### WORK TASK
Please set down, with no changes, every line of the material below from the one containing "Badge Carré 5 Cm pandas géants (Devant)" through the end. Skip the pictures.

******

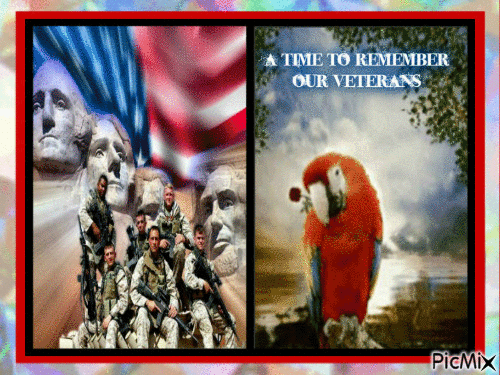 RED VETERAN'S DAY - Free animated GIF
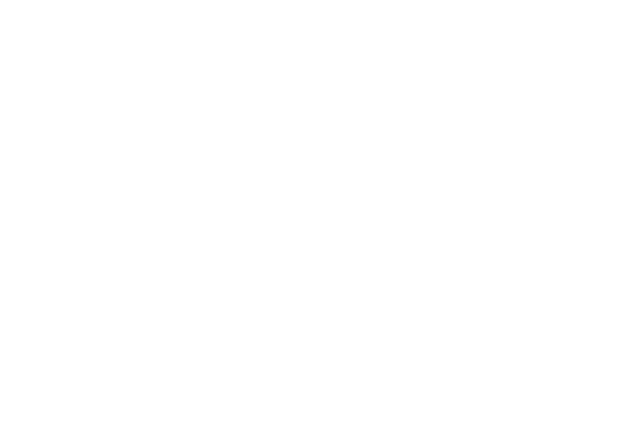 Minassa INCO
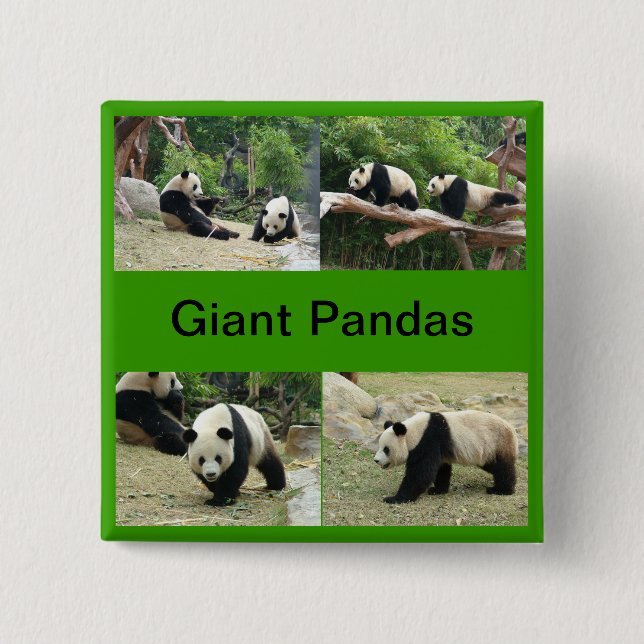 Badge Carré 5 Cm pandas géants (Devant)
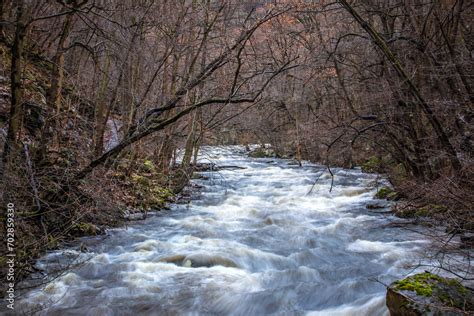 Die Bode Ein Reißender Fluss Bei Hochwasser Im Harz Im Jahr 2024 스톡 사진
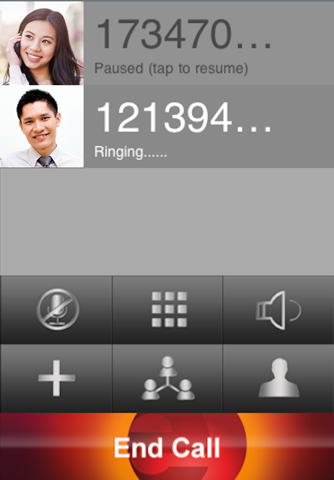 DynaSky VoIP screenshot 3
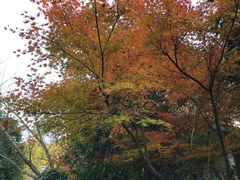 -深业半汤御泉庄温泉
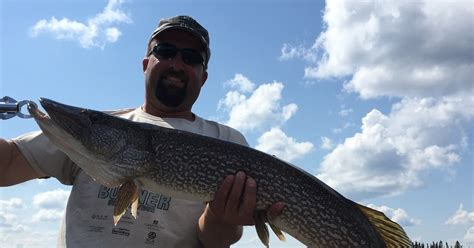 Big Hook News And Fishing Reports August Waters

******

### ANSWER TO THIS TASK
 Badge Carré 5 Cm pandas géants (Devant)
 Die Bode Ein Reißender Fluss Bei Hochwasser Im Harz Im Jahr 2024 스톡 사진
 DynaSky VoIP screenshot 3
 -深业半汤御泉庄温泉
 Big Hook News And Fishing Reports August Waters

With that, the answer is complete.